While gold topped six-month highs, the yen extended its rally against the dollar to seven-month highs around 108.9. It strengthened to a 19-month peak against the euro.

"Traditional safe-haven type flows are going into the yen. As we see increased volatility (on world markets), the Japanese (investors) are probably repatriatriating foreign assets," said Charles St Arnaud, senior investment strategist at Lombard Odier Investment Managers.

GRAPHIC: Japan's yen, stocks set for some turbulence - https://tmsnrt.rs/2S8LwOk

However, the dollar inched up against a basket of currencies and rose half a percent against sterling, which is being undermined by Brexit uncertainty.

The greenback has come under pressure from a fall in U.S. Treasury yields as investors wager the Federal Reserve will not raise rates again.

While the Fed itself still projects at least two more hikes, money markets <0#FF:> now imply a quarter-point cut by mid-2020.

Fed Chairman Jerome Powell may comment on the outlook when he takes part in a discussion with former Fed chairs Janet Yellen and Ben Bernanke on Friday, while the manufacturing survey and the December payrolls report should shed more light when they emerge on Thursday and Friday respectively.

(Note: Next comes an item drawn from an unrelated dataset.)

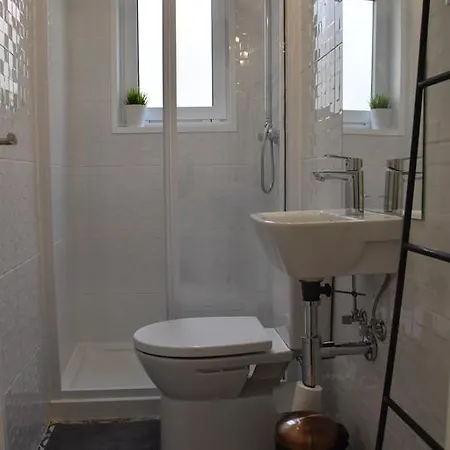 Buarcos Village House Figueira da Foz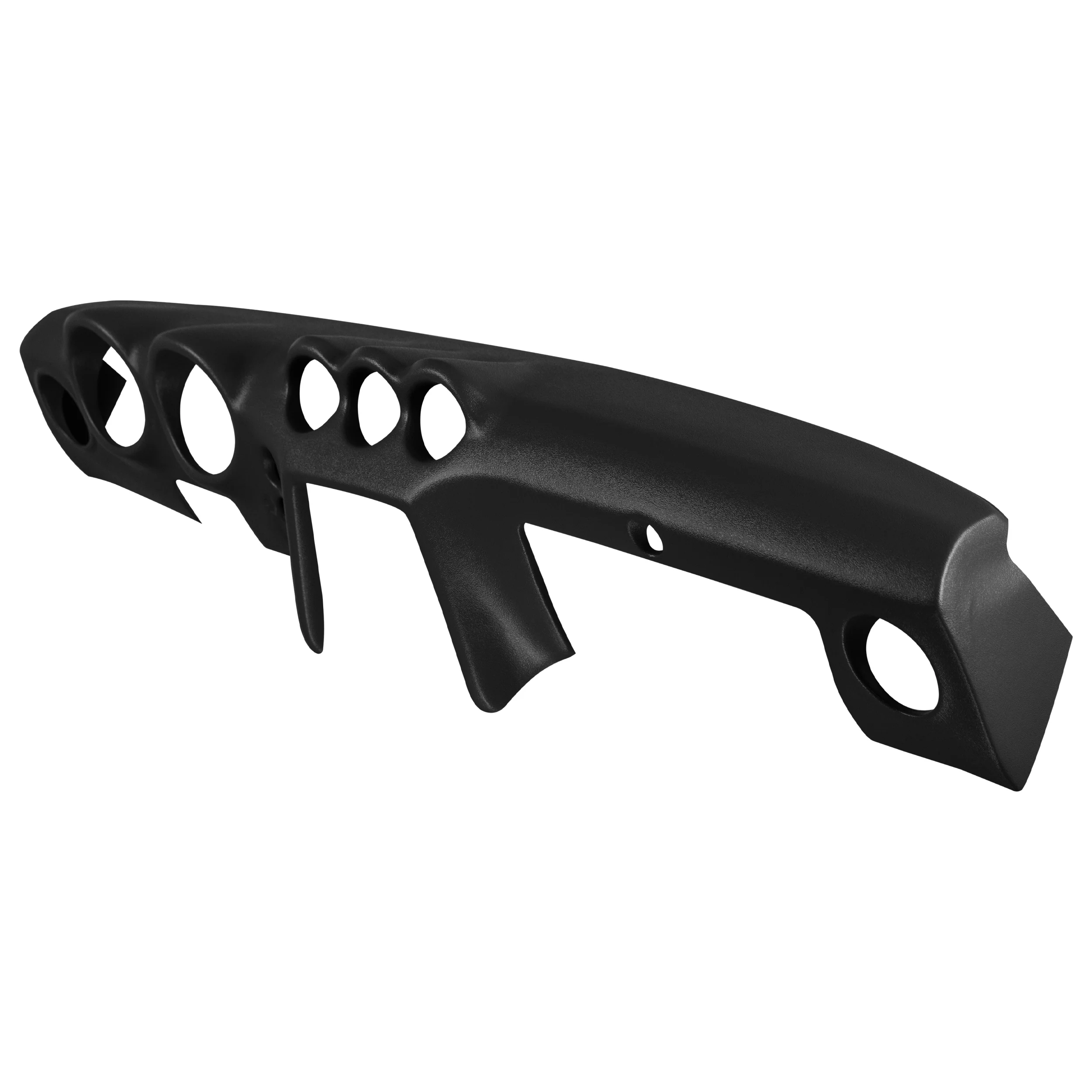 1970–1972 Datsun 240Z Dash Cover - Image 3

Yields on two-year debt have tumbled to 2.49 percent, just barely above the cash rate, from a peak of 2.977 percent in November. Ten-year yields have dived to their lowest since last February at 2.69 percent.

The spread between two- and 10-year yields has in turn shrunk to the smallest since 2007, a flattening that has been a portent of recessions in the past. The German 2-10 yield curve is the flattest since November 2016.

"What is clear is that the global synchronized growth story that propelled risk assets higher has come to the end of its current run," OCBC Bank told clients.



"Inexorably flattening yield curves ... have poured cold water on further policy normalization going ahead."